Delia Falconer in the Sydney Review of Books:
For Ghosh, our insistence on carrying on as normal in the face of the unthinkable is the enabling madness at the centre of modernity’s addiction to extraction and consumption. At a time in which ‘the wild has become the norm,’ and ‘freak’ events such as tornadoes are becoming more common, he wrote, we are suffering in the ‘West’ from a ‘crisis of imagination’.

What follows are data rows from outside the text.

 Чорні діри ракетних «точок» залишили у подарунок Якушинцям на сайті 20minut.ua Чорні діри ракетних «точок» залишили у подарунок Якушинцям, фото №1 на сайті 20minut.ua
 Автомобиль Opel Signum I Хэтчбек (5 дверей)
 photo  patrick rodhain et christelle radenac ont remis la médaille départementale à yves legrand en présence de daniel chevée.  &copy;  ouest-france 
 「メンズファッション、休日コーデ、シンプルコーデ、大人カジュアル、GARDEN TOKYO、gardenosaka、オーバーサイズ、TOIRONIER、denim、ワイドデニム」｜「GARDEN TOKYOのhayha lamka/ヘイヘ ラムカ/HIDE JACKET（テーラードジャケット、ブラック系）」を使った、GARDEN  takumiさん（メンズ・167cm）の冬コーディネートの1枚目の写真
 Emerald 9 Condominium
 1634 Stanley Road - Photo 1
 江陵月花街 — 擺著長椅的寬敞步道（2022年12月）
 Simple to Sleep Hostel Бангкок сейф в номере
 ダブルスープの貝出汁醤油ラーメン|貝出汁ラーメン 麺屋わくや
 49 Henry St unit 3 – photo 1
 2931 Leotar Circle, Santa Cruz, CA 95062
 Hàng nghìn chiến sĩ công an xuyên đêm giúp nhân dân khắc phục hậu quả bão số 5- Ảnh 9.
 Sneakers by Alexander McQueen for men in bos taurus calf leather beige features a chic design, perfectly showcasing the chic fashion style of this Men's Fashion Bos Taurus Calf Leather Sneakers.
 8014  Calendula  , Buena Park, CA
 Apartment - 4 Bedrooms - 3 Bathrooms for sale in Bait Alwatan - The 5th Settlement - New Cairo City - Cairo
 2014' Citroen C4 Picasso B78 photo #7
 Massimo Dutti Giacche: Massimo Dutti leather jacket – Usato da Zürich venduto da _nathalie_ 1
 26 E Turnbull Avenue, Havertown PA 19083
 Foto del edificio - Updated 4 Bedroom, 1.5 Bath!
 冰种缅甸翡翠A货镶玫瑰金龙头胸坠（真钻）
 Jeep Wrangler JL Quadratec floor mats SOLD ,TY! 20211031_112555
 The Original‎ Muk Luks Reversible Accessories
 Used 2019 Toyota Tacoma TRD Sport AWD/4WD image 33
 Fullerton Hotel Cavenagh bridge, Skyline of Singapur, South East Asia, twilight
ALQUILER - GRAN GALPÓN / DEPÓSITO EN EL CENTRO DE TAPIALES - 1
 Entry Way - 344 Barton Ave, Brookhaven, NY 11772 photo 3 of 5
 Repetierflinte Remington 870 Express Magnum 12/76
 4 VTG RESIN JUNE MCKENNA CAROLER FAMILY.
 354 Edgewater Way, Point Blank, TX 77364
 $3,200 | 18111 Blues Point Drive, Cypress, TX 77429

American-based Ghosh—academically trained with a doctorate from Oxford in anthropology—is an eloquent synthesiser and his book, which began as a series of 2015 lectures for the University of Chicago, drew on many of the major ideas bubbling in this field. Historian Dipesh Chakrabarty was the earliest to lay out, in a ground-breaking 2009 paper, the potential of this new epoch, in which human activity has become the planet’s driving force, to also destabilise the very pillars of humanist thought, incuding the distinction between natural and human history. Philosopher Tim Morton had written about the sticky unthinkability of huge changes like global heating across time and space; while other writers, like Robert Macfarlane had described the uncanniness of our moment as once long-scale change accelerates around us. Perhaps most closely informing Ghosh’s project was the galvanising argument, put forward by philosopher Bruno Latour in 2014, that the Earth, agitated by global heating, really was speaking to us.